VMware presented its new cloud structure suite, including products such as vSphere 5, vShield 5, vCenter Site Recovery Manager 5 and vCloud Director 1.5. The goal is to increase the value that customers can extract from virtualized resources by enabling cloud-scale operations. As Paul Maritz, VMware CEO explains: "With vSphere® 5 and our cloud infrastructure suite, VMware is helping customers accelerate towards more efficient and automated cloud infrastructure, redefining how resources are managed and secured, and ultimately, driving a more productive relationship between IT and the businesses they serve."
In the case of Citrix, Cloud.com product line is not a traditional enterprise server virtualization platform with the cloud management layered on top. Instead, it is a hypervisor-agnostic solution designed from the ground up to help providers build simple, automated, elastic, scalable and efficient clouds. According to a Cloud.com customer benchmark study dated October 2010, this approach has helped customers around the world roll out new cloud services up to 50 times faster, at one fifth the cost of alternative solutions. A key question around this acquisition is how Citrix will manage OpenStack and CloudStack. Although these two products could be viewed in direct competition, Citrix underscores that they are both highly synergistic by design. They share the same core principles, architectures and beliefs about how ‘real clouds’ should be built and bringing them together in this acquisition is a key part of its strategy.
As a founding member of Openstack.org, Citrix is the second largest contributor to the project and is a member of the OpenStack policy board. This acquisition will help Citrix further accelerate its support of OpenStack by allowing it to combine the two engineering teams to work together going forward. Specifically, we can expect:
· Release a Citrix tested and verified version of OpenStack, along with a cloud-optimized version of Citrix XenServer (announced at 2011 Citrix Synergy conference as ‘Project Olympus’).
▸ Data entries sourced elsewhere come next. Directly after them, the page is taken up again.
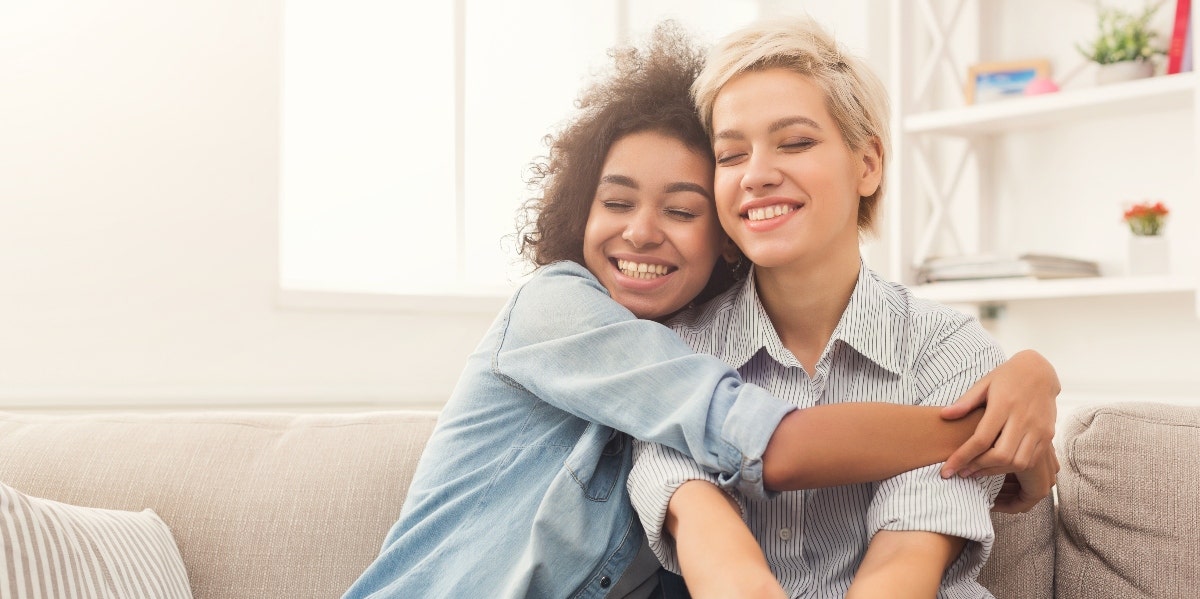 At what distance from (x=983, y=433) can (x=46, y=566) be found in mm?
1019

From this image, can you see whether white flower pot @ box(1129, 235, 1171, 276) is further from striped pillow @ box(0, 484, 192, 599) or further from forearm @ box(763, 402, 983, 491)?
striped pillow @ box(0, 484, 192, 599)

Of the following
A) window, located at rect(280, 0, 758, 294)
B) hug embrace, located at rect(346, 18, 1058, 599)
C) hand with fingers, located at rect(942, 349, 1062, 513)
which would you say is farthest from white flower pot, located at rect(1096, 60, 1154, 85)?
hand with fingers, located at rect(942, 349, 1062, 513)

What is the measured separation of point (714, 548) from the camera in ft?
3.56

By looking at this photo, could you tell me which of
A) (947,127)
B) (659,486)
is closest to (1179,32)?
(947,127)

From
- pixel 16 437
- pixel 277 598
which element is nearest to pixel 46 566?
pixel 277 598

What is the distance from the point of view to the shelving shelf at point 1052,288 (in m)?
3.02

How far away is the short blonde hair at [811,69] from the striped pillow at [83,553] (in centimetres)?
93

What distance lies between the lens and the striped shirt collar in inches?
51.3

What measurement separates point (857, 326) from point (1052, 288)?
7.15 feet

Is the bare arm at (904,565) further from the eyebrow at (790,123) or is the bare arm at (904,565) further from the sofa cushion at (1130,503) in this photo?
the eyebrow at (790,123)

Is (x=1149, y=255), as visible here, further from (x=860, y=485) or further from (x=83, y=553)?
(x=83, y=553)

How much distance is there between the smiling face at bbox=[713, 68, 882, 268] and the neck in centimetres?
2

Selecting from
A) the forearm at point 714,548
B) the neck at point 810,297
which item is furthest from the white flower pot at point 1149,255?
Result: the forearm at point 714,548

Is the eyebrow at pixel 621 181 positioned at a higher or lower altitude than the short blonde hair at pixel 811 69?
lower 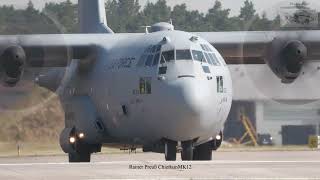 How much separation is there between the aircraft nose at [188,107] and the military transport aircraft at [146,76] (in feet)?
0.08

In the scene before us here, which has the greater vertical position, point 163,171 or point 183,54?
point 183,54

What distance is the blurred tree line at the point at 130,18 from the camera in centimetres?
2970

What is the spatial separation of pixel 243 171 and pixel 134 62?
8.15 m

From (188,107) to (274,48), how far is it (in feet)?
20.7

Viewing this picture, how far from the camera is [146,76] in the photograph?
2345 centimetres

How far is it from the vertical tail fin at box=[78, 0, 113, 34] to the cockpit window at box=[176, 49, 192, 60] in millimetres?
7580

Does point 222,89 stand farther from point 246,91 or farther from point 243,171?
point 246,91

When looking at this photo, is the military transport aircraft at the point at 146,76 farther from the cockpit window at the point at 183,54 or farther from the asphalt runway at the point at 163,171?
the asphalt runway at the point at 163,171

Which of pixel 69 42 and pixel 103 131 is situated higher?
pixel 69 42

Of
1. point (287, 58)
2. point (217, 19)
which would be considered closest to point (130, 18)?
point (217, 19)

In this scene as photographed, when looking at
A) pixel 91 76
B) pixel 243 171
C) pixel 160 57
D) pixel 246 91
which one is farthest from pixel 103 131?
pixel 246 91

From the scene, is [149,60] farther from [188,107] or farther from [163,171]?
[163,171]

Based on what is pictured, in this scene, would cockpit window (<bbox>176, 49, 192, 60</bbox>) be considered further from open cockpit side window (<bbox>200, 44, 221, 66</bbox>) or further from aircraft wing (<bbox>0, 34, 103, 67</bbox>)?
aircraft wing (<bbox>0, 34, 103, 67</bbox>)

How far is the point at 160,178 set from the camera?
15.6m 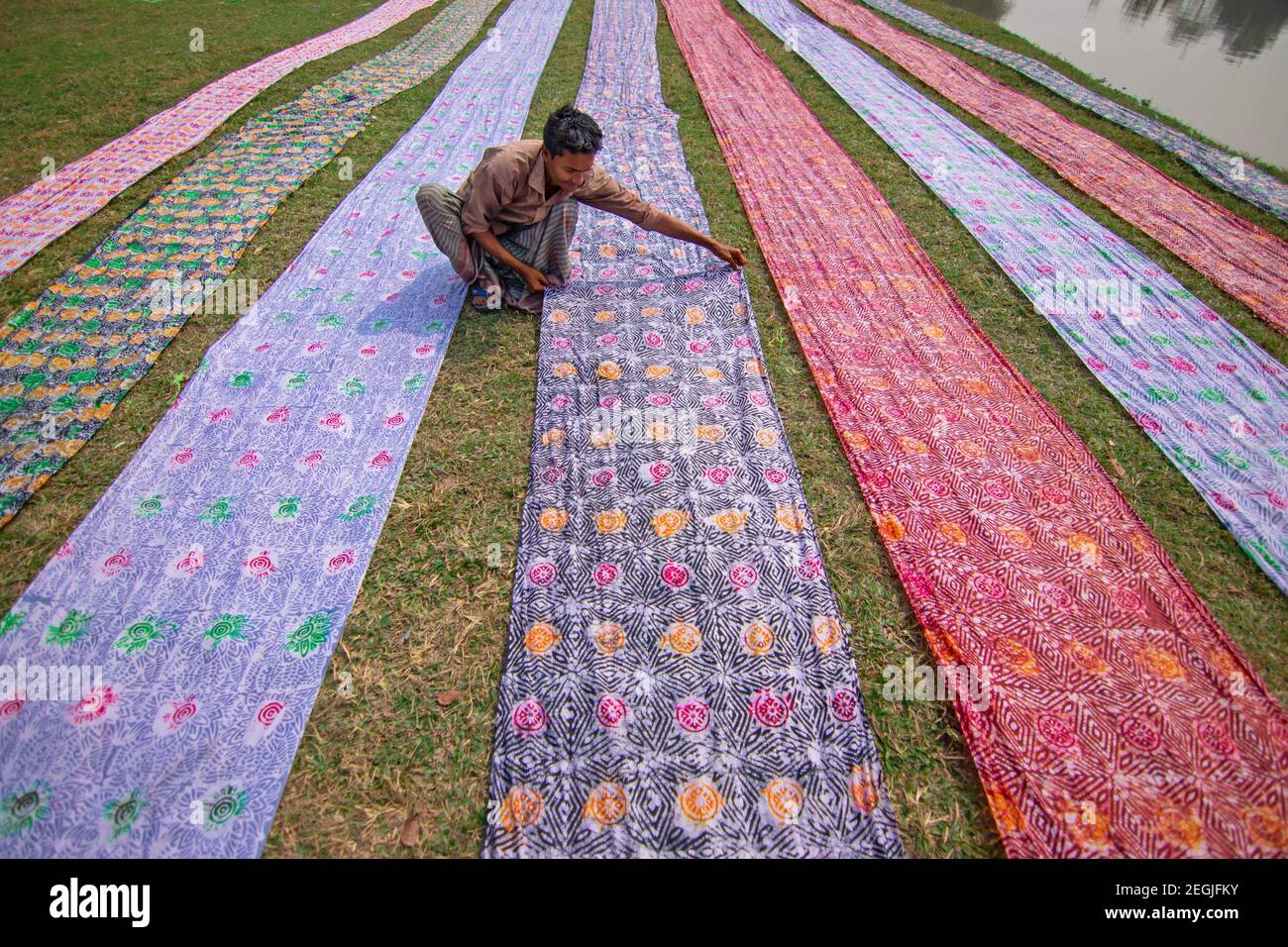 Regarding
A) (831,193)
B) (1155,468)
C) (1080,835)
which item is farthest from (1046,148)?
(1080,835)

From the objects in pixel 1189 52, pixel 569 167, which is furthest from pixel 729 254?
pixel 1189 52

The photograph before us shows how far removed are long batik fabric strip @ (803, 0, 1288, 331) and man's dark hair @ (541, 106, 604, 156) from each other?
3.74m

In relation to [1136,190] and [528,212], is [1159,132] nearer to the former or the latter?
[1136,190]

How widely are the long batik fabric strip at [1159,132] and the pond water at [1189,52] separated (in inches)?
34.8

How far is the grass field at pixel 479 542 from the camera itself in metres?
1.71

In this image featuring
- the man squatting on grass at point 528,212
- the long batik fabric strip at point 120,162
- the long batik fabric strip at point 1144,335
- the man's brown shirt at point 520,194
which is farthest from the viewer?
the long batik fabric strip at point 120,162

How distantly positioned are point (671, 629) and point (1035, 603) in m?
1.24

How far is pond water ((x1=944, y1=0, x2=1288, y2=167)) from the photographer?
640 cm

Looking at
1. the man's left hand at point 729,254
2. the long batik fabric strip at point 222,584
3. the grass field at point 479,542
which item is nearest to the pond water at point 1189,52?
the grass field at point 479,542

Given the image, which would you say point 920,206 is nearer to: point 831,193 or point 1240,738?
point 831,193

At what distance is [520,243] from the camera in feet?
10.9

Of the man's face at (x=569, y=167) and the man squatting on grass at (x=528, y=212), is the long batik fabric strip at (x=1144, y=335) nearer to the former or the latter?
the man squatting on grass at (x=528, y=212)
· Add support for OpenStack APIs into an upcoming release of Citrix CloudStack, allowing organizations to leverage existing OpenStack tools to manage infrastructures deployed via Citrix CloudStack.
· Deliver a common, intuitive management interface that provides manageability of both the Citrix CloudStack and OpenStack platforms.
· Add support for bi-directional migration paths between the Citrix CloudStack and OpenStack platforms.
As you would expect, during the acquisition announcement, Citrix explained that CloudStack will continue to support vSphere, Xen and KVM, as it does today. The interesting twist is that it will now be as a project placed inside a new cloud-computing unit within Citrix.